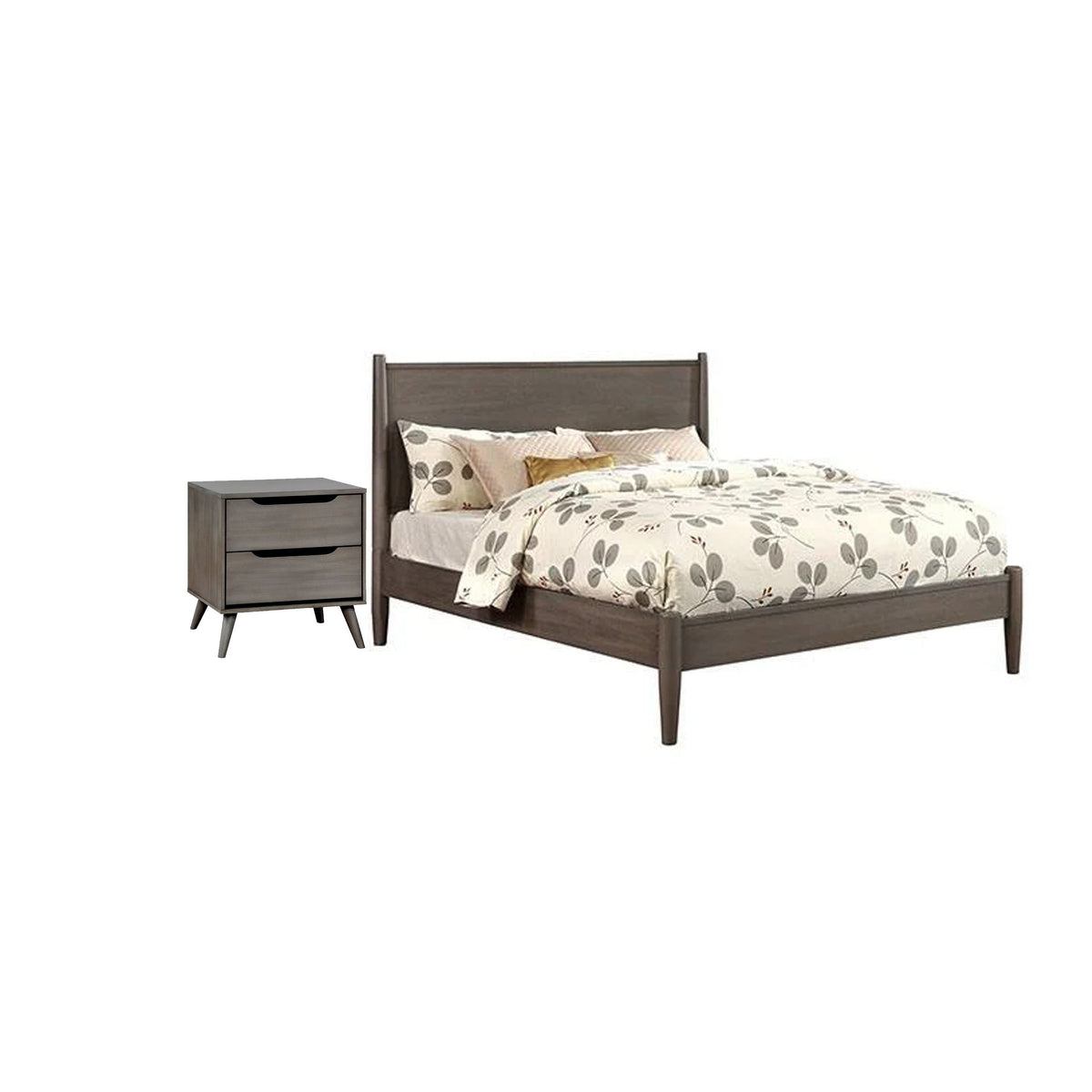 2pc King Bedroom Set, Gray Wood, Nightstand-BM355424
---
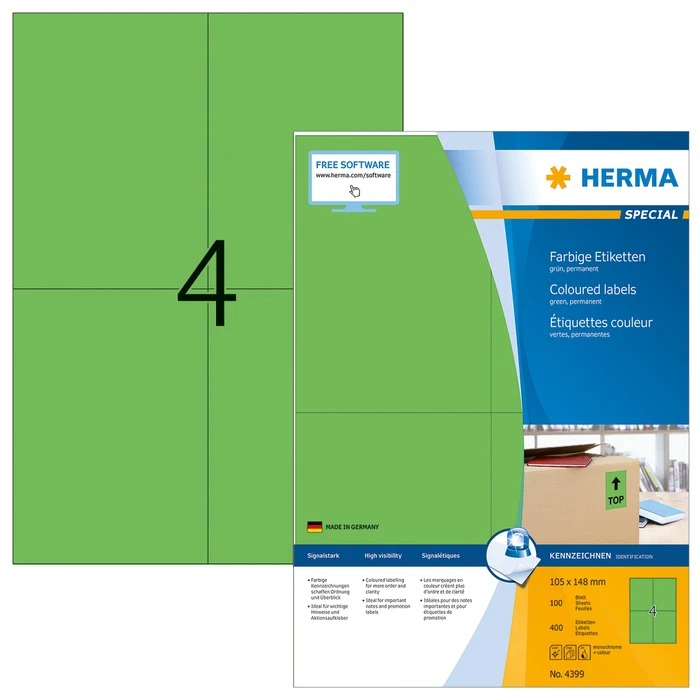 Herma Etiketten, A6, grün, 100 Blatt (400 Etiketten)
* * *
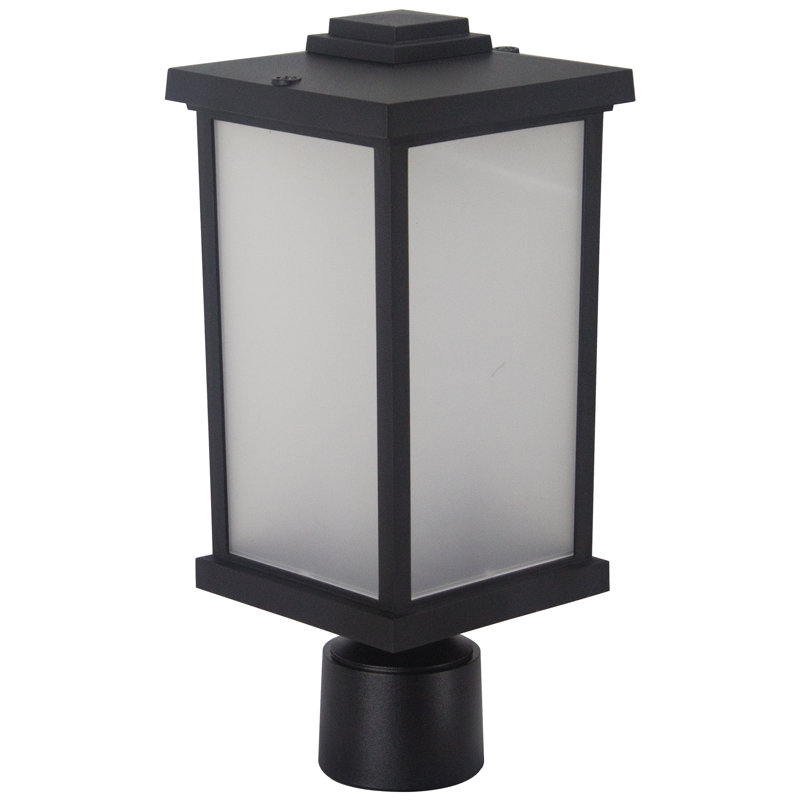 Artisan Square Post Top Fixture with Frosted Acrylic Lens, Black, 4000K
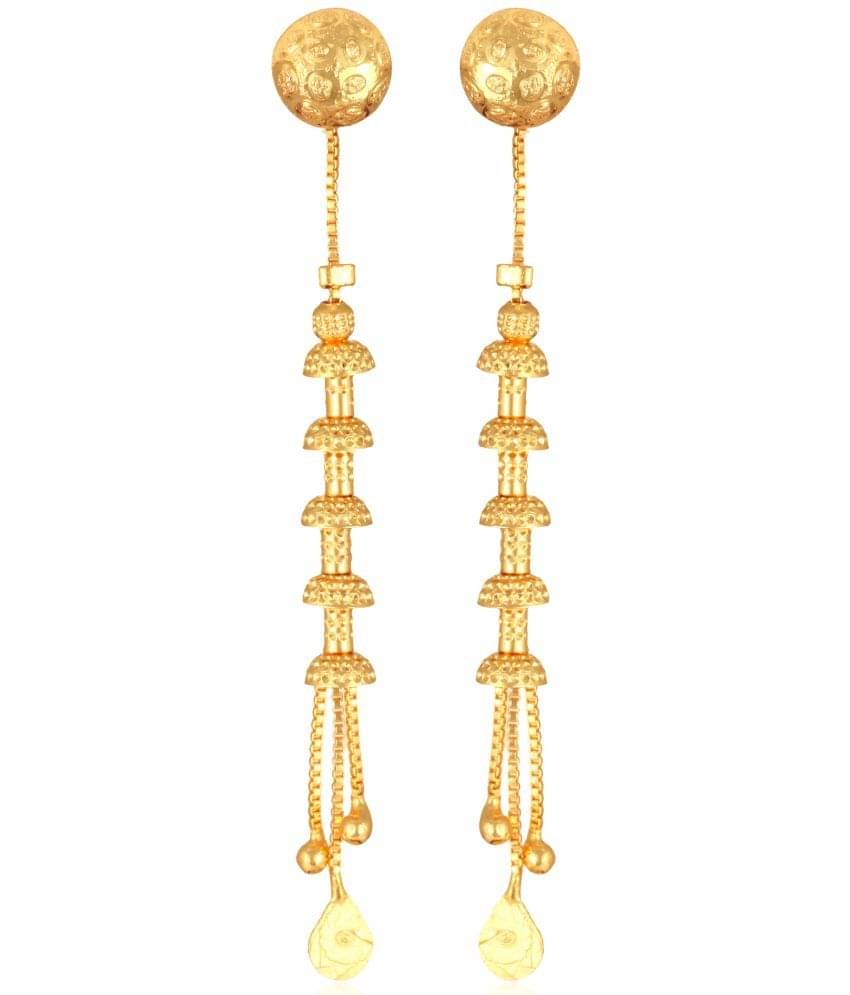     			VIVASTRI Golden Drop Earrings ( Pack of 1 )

* Task details
Above, find the line with "Artisan Square Post"; copy it and every line down to the line with "VIVASTRI Golden Drop", exactly and both included, but no pictures.

* Task result
 Artisan Square Post Top Fixture with Frosted Acrylic Lens, Black, 4000K
     			VIVASTRI Golden Drop Earrings ( Pack of 1 )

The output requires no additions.